Un avertissement aux Hindous PDF

Cet un avertissement aux Hindous PDF est une ébauche concernant le monde indien. Pandit, qui est le titre le plus glorieux que peut avoir un brahmane du fait de sa large connaissance philosophique, scientifique ou artistique. Selon Michel Angot :  À l’origine, les peuples dont les brahmanes sont les maîtres d’esprit parlent une langue indo-européenne et descendent des plateaux d’Afghanistan et de l’Iran, de l’Asie centrale, autour de la mer d’Aral. Indus dans un nomadisme très lent.


Avant-propos de Sri G.D. Savarkar. Cette brochure, publiée en 1939, constitue le premier texte politique de Maximiani Portas, qui venait d’adopter le nom hindou de Savitri Devi (déesse du soleil). Avec « Warning to the Hindus », Savitri Devi s’engageait résolument en faveur du nationalisme hindou. L’Inde était alors en ébullition, sentant approcher l’heure de l’indépendance, et la montée de l’Allemagne nationale-socialiste en Europe était souvent vue comme une occasion de secouer le joug britannique. Il faut noter que Savitri Devi, malgré quelques circonlocutions prudentes, apportait son appui à la tendance la plus dure, c’est-à-dire au nationalisme hindou de l’Hindutva, et non pas au nationalisme séculier et pro-occidental du Parti du congrès. Savitri Devi déclarait sans ambages dans sa brochure : « L’hindouisme est la religion nationale de l’Inde, et il n’y a pas de vraie Inde en-dehors de l’Inde hindoue. » Quoi qu’il en soit, cette brochure pro-hindoue de Savitri Devi, qui fit un certain bruit dans l’Inde de l’époque, apparaît en fait comme un complément au flamboyant manifeste du nationalisme hindou : le fameux « Hindutva » de V.D. Savarkar, publié en 1923. Mais Savitri Devi, étant d origine européenne, apportait l’éclairage d’une vision extérieure, ainsi que son sens européen des réalités pratiques et politiques. Savitri Devi avait aussi une autre idée en tête en soutenant l’Inde hindoue : défendre le dernier bastion du paganisme aryen, supplanté en Europe par le christianisme levantin. En défendant l’Inde hindoue, elle défendait aussi la possibilité d’une reconquête de l’Europe par le paganisme. Le paganisme indien donnant la main au paganisme européen : voilà quelle était l’idée lointaine de Savitri Devi.

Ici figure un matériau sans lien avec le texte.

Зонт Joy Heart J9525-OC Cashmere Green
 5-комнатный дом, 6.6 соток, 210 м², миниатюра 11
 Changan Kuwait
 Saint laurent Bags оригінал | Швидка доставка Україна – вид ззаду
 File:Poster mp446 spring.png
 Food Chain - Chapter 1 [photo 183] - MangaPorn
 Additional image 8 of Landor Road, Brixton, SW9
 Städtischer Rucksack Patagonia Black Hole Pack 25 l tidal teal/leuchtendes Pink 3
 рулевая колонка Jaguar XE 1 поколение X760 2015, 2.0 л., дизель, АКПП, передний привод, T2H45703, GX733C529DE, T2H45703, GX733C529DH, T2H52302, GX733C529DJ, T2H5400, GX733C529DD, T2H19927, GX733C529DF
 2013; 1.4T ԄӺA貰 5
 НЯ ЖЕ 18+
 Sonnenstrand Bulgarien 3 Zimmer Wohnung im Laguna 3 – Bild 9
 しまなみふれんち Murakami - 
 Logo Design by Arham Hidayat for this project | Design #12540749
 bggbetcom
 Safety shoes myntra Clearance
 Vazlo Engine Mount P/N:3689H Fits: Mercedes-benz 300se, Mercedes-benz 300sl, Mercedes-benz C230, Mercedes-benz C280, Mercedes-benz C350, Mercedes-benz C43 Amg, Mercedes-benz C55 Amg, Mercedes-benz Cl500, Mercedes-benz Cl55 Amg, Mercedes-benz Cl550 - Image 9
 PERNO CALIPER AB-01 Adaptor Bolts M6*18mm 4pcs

Originellement, le brahmane est un officiant du sacrifice védique. Brâhmane à cause de la vérité de sa parole. Ainsi, dans l’Antiquité, il existe deux façons de devenir brahmane, par hérédité à la suite d’une initiation, ou par adoption. Lois de Manu, le devoir premier de toutes les castes hindoues. Un brahmane, ne connaissant qu’une seule prière védique, mais qui s’évertue au contrôle de soi et à la purification intérieure, est supérieur à un brahmane connaissant tous les Véda mais qui n’est ni compatissant, ni végétarien, ni honnête.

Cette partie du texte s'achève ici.